I was feeling insecure, you might not love me anymore
January 5, 2011 8:43 PM   Subscribe

Having a minor freak out about identity theft, and looking for advice on making sure all my online information is as secure as possible.

In October, my bank called me as they had spotted some suspicious charges on my VISA card. I confirmed these charges were not mine, so the card was cancelled. (The charges were both to Netflix, one was for $1.04 the other was $1.07)

In December I started receiving email from a company in Canada welcoming me to the their club and informing me they were sending out my introductory order. This email was sent to my most used email address, and included my full name, but the postal address was Canadian. I ignored their email and have not directly contacted this company, but have verbally reported it to my bank.
On 25 December my (less than 3 months old) VISA card was again frozen by the bank, due to a charge to AOL. By this time a charge had appeared from the club who sent me the email, so not only has the new card been compromised, but whoever did it also has my full name & email address, and who knows what other information.

I am still waiting on the paperwork to finalise the disputed AOL & club charges.

Also on 25 December I was sent 2 emails within about 15 minutes of each other from Firefox Sync saying I had tried to reset my password, which I hadn't.

I just noticed that 2 days ago I was sent 2 emails from my mobile phone provider also saying that I had tried to reset my password.

I am now rather unnerved and looking for advice to lock down my information as securely as possible.
Is it it likely that these events are coincidental?

I'm on a Mac, using Firefox 3.6.13 & 1Password. Just about all of my passwords are generated in 1Password & and the 1Password data file is stored in a Dropbox account. I have no idea what most of the passwords even are.
I've only been using a Mac for a little over a year, and still don't know a lot about the ins & outs.

Internet connection is via WiFi routers at home & at work, using (I think, WPA).

I'm fairly confident no one with nefarious intentions has physical access to my credit cards or my computers.

Ive been on the internet since 1995, never had anyone access any of my accounts before (that I'm aware of). I have been guilty of reusing the same password(s) in multiple places but I'm fairly sure anything remotely important now has it's own mystery password thanks to 1Password.

So any advice on ensuring my passwords/networks/computers are as safe as possible (sans disconnecting from the internet and never using a credit card ever again) appreciated. I am too nervous to even use the new credit card yet or do any internet banking, and the outstanding bills are starting to pile up.
posted by goshling to Computers & Internet (16 answers total) 3 users marked this as a favorite
Could you have been a victim of firesheep? That could explain the password stuff. Change all your passwords now, and don't use them again on any network except your own, which is, of course, secured.

The credit card stuff sounds weirder.

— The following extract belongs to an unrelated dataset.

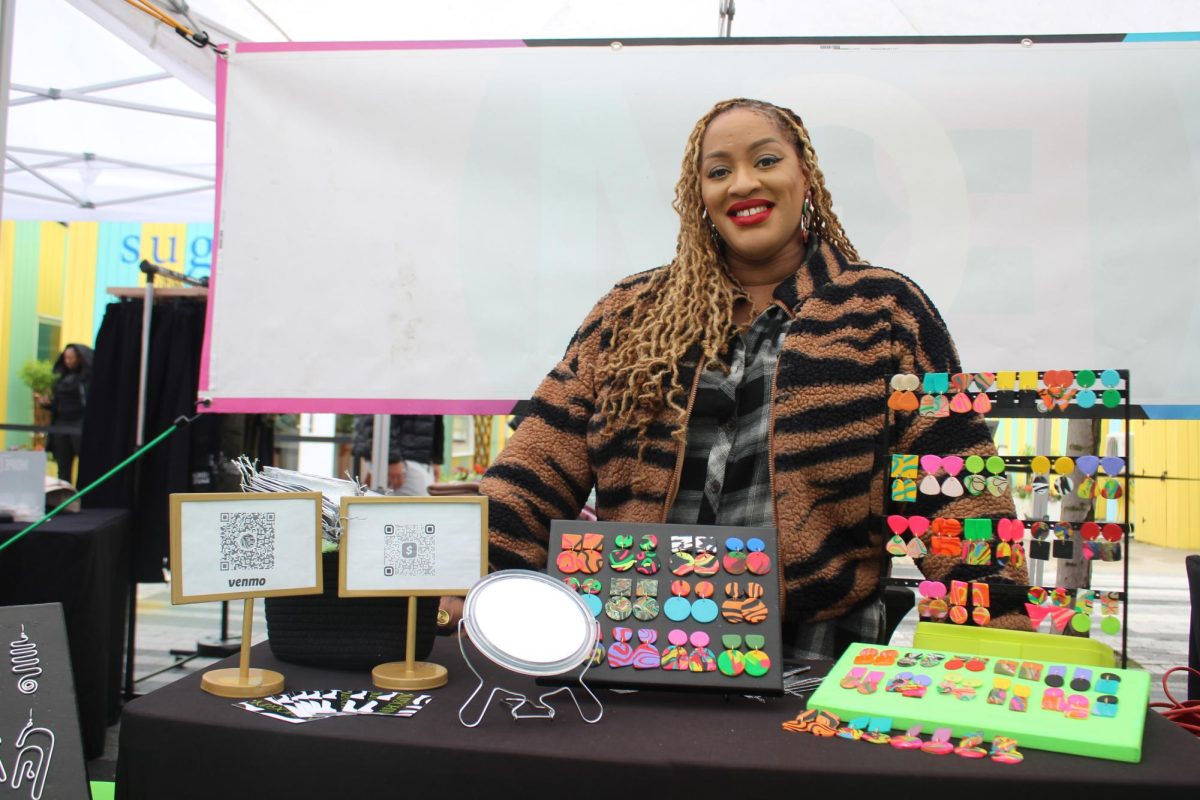 Dominique Dixon poses for a photo with her handmade polymer clay earrings. Dixon founded Mahogani Shop in 2017 using her design background and inspiration from African culture. “I started [Mahogani] in a place where I was trying to rediscover myself as an artist, as a Black woman, Dixon said. So a lot of my influence comes from my culture, architecture, art.”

I don't know how that would have happened. Unless you bought something online on a non-https site when whoever was being evil stole the rest of your details, and they managed to get your credit card info as well.
posted by lollusc at 8:51 PM on January 5, 2011

Response by poster: Is it possible to tell if I have been or am being firesheeped?

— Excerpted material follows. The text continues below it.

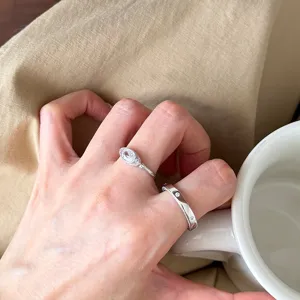 Gros plan détaillé de bagues en argent empilées élégantes portées avec une tasse.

Is there spyware on the Mac that could be keylogging or otherwise attempting to steal my passwords? I fear that the act of changing them might be exposing the old & new passwords. Is this irrational? How can I be confident that it is safe to change them?

Sorry I feel like I'm going a bit nuts here.
posted by goshling at 9:04 PM on January 5, 2011

I don't know much about it, but as far as I understand, firesheep is a one-off thing. I.e. someone has to be connected to your network at the time you are, and have it running, in order to steal your passwords. So if you are only using your machine now on a secure network, and change your passwords, the original thief would not have access to the new ones (unless you later connect to the network that was originally compromised, and they are there again).

You can run blacksheep to see whether anyone is on your network and running firesheep at any given time.

Keylogging software of other sorts is of course another possibility, but less likely if no one had physical access to your machine, and you have adequate spyware protection. Update and run your anti-spyware software just in case.
posted by lollusc at 9:20 PM on January 5, 2011

The credit card stuff sounds weirder. I don't know how that would have happened. Unless you bought something online on a non-https site when whoever was being evil stole the rest of your details, and they managed to get your credit card info as well.

a more likely explanation for that is someone you bought something from once has had their website cracked and their purchase database (name, address, email, cc#, etc) stolen. in theory holders of merchant accounts shouldn't permanently record the cc #s unless they're required for repeat billing, and if they do then the bank should hold them to a higher (auditable) security standard, but in my experience that's not often actually the case.

the only advice I can offer (and this is more an "in future" thing) is to see if your email provider has a feature called "plus addressing" or similar - this lets you make up a new email address for each site signup by appending whatever you want to the name part of the address so you can see who leaked your details. for example, my normal email address is russm@example.com, but the email address I gave MeFi is russm+metafilter@example.com. this still gets delivered to my russm@example.com mailbox, so if I start getting suspicious emails addressed to russm+metafilter@example.com I know that the MeFi database has been compromised.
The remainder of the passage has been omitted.